Jean-Noël Nicolau | 10 septembre 2007
Jean-Noël Nicolau | 10 septembre 2007

Probablement le film de guerre le plus insoutenable jamais réalisé (et en cela peut-être aussi le plus grand), Requiem pour un massacre possède une aura quasi unique dans l’histoire du cinéma. Rare et méconnue, l’œuvre, datant de 1985, a longtemps été plus ou moins perdue avant d’être redécouverte peu à peu grâce au DVD. Basé sur des faits réels et principalement l’anéantissement de plus de 600 villages biélorusses durant la seconde Guerre Mondiale, Requiem pour un massacre colle au regard d’un adolescent rejoignant la Résistance malgré son jeune âge. Le titre original, Idi i smotri (Va et regarde) est plus révélateur des choix narratifs et formels du réalisateur Elem Klimov. En effet, tout est perçu selon les sens de l’innocent, la caméra adoptant souvent directement son point de vue et la bande son se brouillant dans la confusion, comme son audition altérée par le chaos environnant.

Usant de manière sublime du format 1:33, Klimov cite largement Andréi Tarkovski, que ce soit par de longs plans séquences virtuoses ou dans son rapport aux éléments primitifs (pluie, boue, terre, feu…). A la fois ultra réaliste et fréquemment onirique (voire symbolique) Requiem pour un massacre est avant tout une plongée dans la souffrance poussée à son paroxysme. Jamais la douleur et l’atrocité n’ont été filmées avec autant d’intensité, l’auteur refusant en grande partie les lois de la progression dramatique classique. Le crescendo dans l’horreur se fait dans l’amplitude, scandé par des scènes de foule impressionnantes mais aussi par des instants spectaculaires n’ayant rien à envier à Hollywood (bombardement, fusillades, incendie final).

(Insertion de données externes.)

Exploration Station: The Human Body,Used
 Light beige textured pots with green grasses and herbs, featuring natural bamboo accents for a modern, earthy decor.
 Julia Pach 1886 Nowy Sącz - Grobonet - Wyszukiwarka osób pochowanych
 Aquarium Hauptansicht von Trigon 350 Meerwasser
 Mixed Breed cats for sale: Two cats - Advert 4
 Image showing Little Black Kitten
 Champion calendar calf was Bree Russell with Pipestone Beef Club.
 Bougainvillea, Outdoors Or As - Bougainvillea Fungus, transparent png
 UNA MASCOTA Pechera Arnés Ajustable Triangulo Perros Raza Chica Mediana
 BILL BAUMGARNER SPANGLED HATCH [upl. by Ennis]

Mais Requiem pour un massacre, et c’est là sa force, n’est jamais divertissant, son immense beauté étant entièrement dédiée aux images les plus insoutenables. A tel point que le spectateur en est parfois réduit à détourner les yeux de l’écran. Les acteurs, en particulier le débutant Aleksei Kravchenko, se donnent avec tellement de puissance que l’on partage immédiatement leur calvaire. Ultime coup de génie, Klimov achève son œuvre sur une idée passionnante : jusqu’où peut-on remonter dans la généalogie du Mal et celui-ci n’est-il pas inhérent à l’humain ? Un questionnement tétanisant qui ne fait qu’ajouter davantage de profondeur à ce chef-d’œuvre.